India’s Social Justice Agenda is Unfulfilled as the Labour Market Remains Gendered, Classist and Casteist

Despite years of concerted efforts to the contrary, the pursuit of social justice in India continues to be a utopian agenda in a dystopian economy. 

According to the World Employment and Social Outlook: Trends 2020 Report by the International Labour Organization, in addition to the 188 million unemployed persons across the world in 2019, there are more than 470 million who lack adequate access to work. This discrepancy in the very nature of desired work available for people has meant that one in five workers live in extreme to moderate poverty as of 2019.
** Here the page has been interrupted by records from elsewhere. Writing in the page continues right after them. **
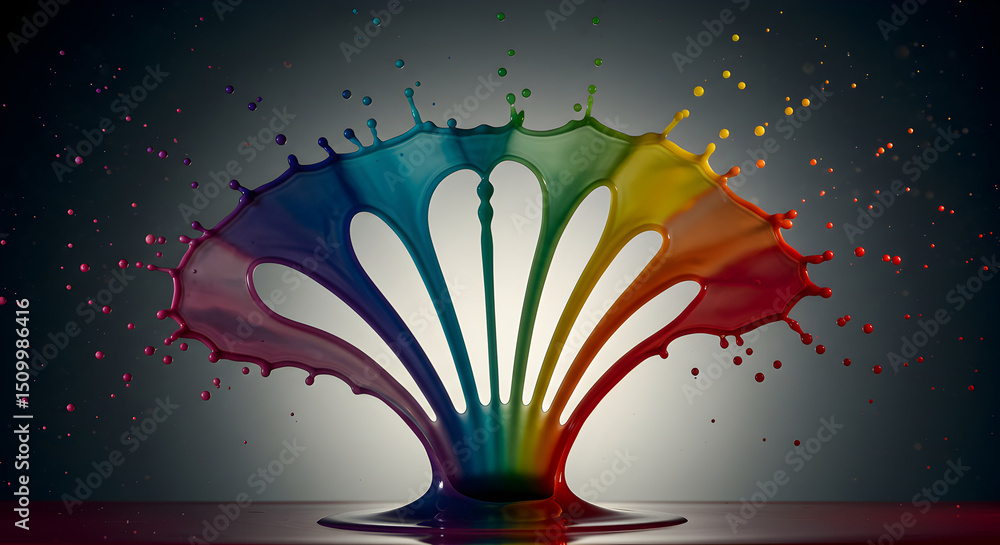 Poster spectrum paint burst creating dynamic rainbow effect in fluid motion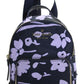 Womens Floral Print Zip Closure Backpack Navy Purple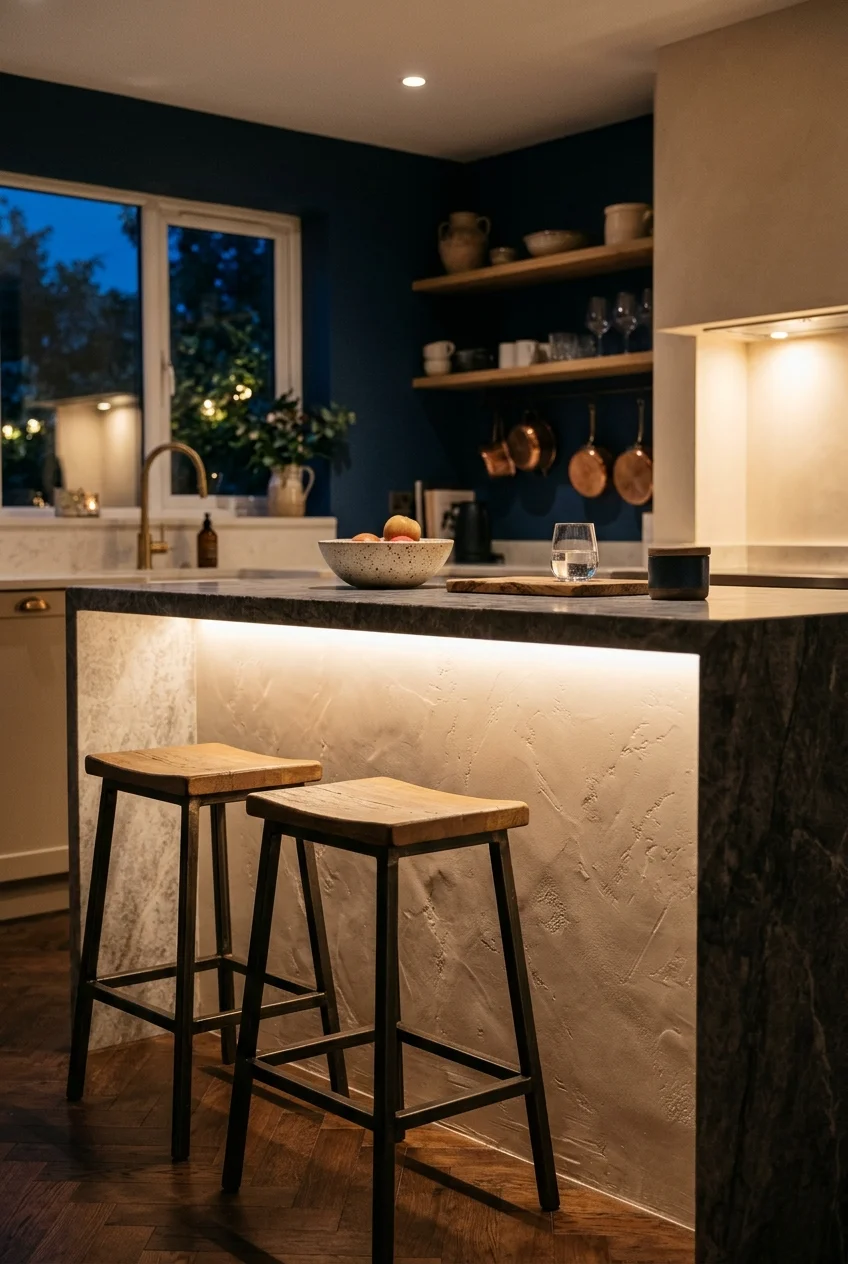 Concealed linear light washing a textured peninsula panel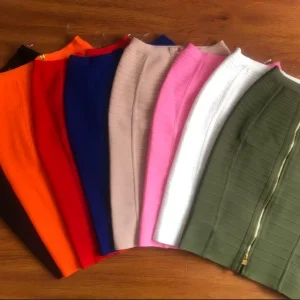 Factory direct supply for the new Herve Leger Herve Leger bandage sexy skirt candy color pencil skirt – Image 7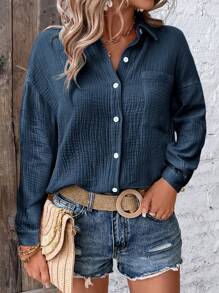 SHEIN LUNE Solid Drop Shoulder Pocket Patched Button Up Shirt,Long Sleeve Tops Fall Cloth For Women - Navy Blue - View 6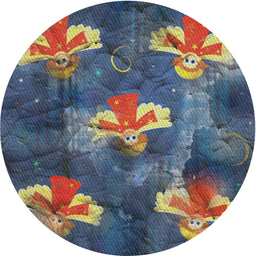 Round Patterned Light Slate Gray Novelty Rug, pat730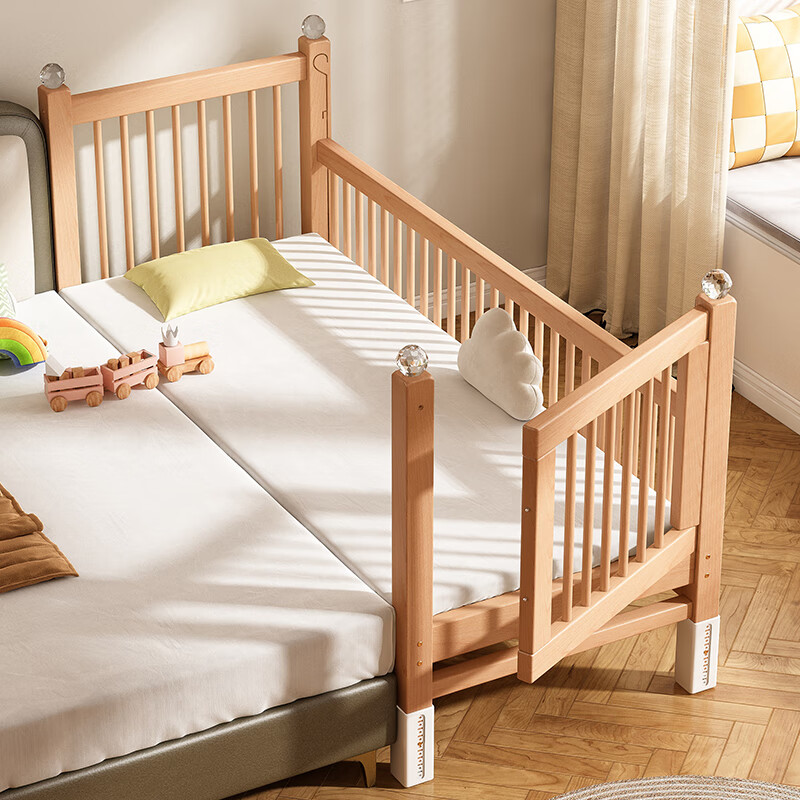 贝幸福 BAYLUCK可升降榉木拼接床实木儿童床婴儿床加宽拼接大床小孩床边床拼接床 侧升尾门款+10cm空气纤维垫+床围 200*100cm【可升降】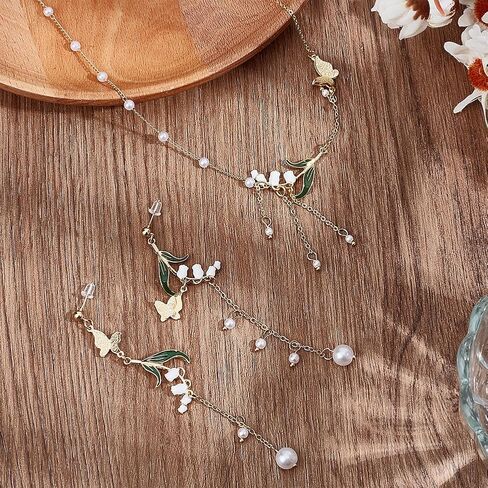 2PCS Lily of the Valley Necklace Aesthetic Jewelry Flower Jewelry Green Paint Leaves and Freshwater Pearl Lily Necklace Gift for Women Mom Friends Bride Weding Spring Summer in Saudi Arabia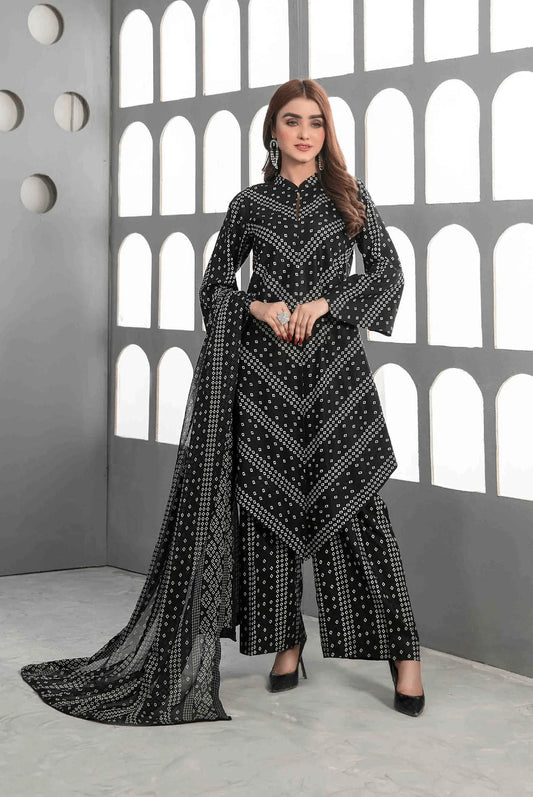 Amna Sohail by Tawakkal Fabrics Malena Printed Linen 3Pc Suit D-7838
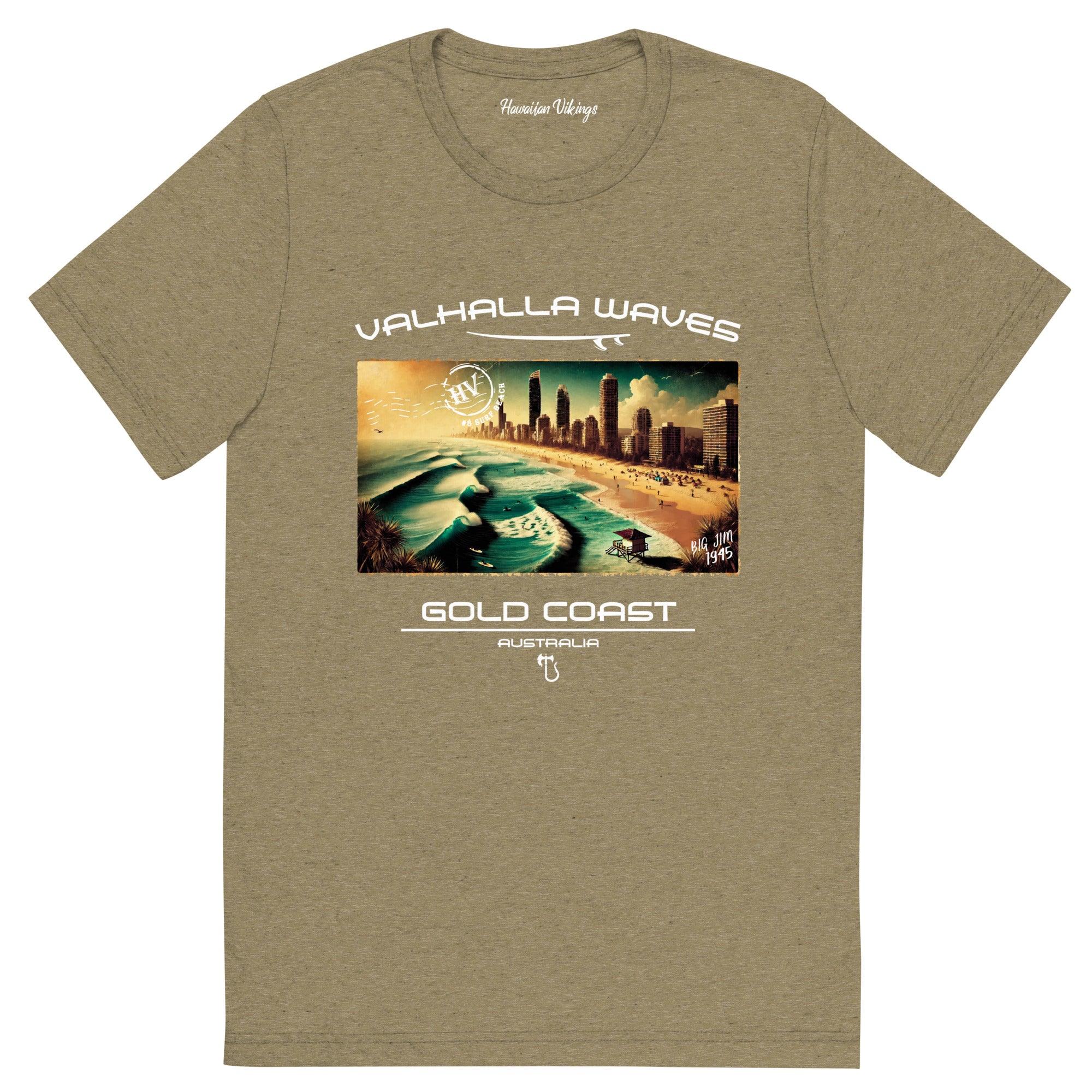 Gold Coast Beach Vintage Postcard T-Shirt - Hawaiian Vikings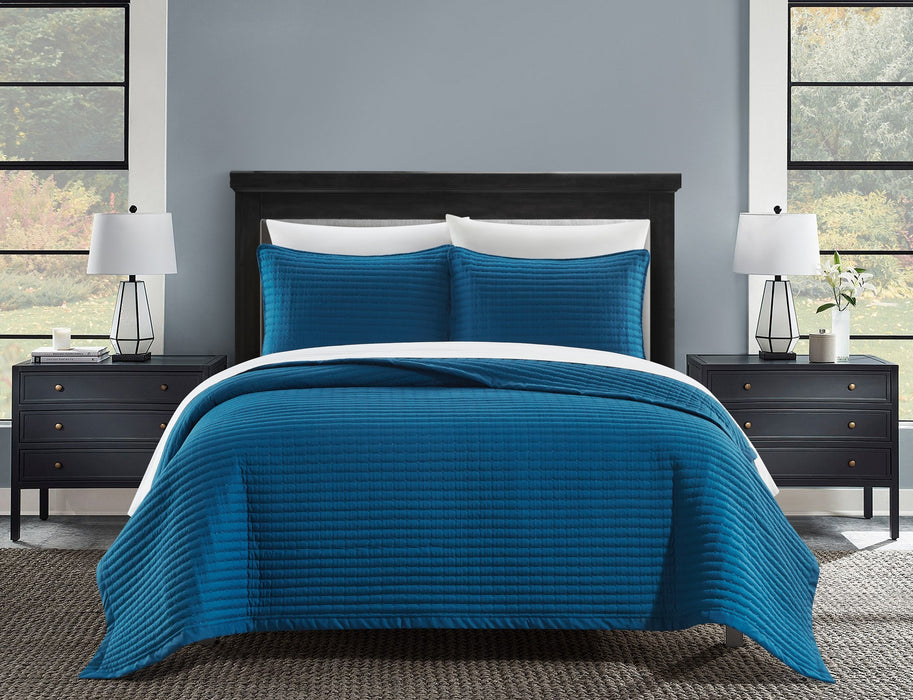 Chic Home Xavier Quilt Set Geometric Square Tile Pattern Bed In A Bag Bedding - Sheets Pillowcases Pillow Shams Included - 7 Piece - Queen 90x92", Blue - Queen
Inaccessibility to work and general unemployment trends have worsened in Asia and the Pacific region where the labour productivity growth rate has slipped from 4.3% to 3.9% in the span of just one year (2018–19). The decline is largely attributed to the deceleration in the gross domestic product (GDP) faced by India and some of the member states of the Association of Southeast Asian Nations (ASEAN).  The numbers reveal that those most vulnerable to slipping back into poverty, or falling into traps of informal labour and exploitative working conditions, are those who come from already marginalised backgrounds. The limited availability of good-quality, well-paying jobs are reserved for those who have easy and open access to the labour market. This has meant that current labour policies have not only been unable to provide for jobs, but that the jobs they have managed to create remain exclusive and uphold pre-existing power structures and social hierarchies. Hence, despite developmentalist policies that follow the rhetoric of diversity and open access, economies remain casteist, classist, and gendered. 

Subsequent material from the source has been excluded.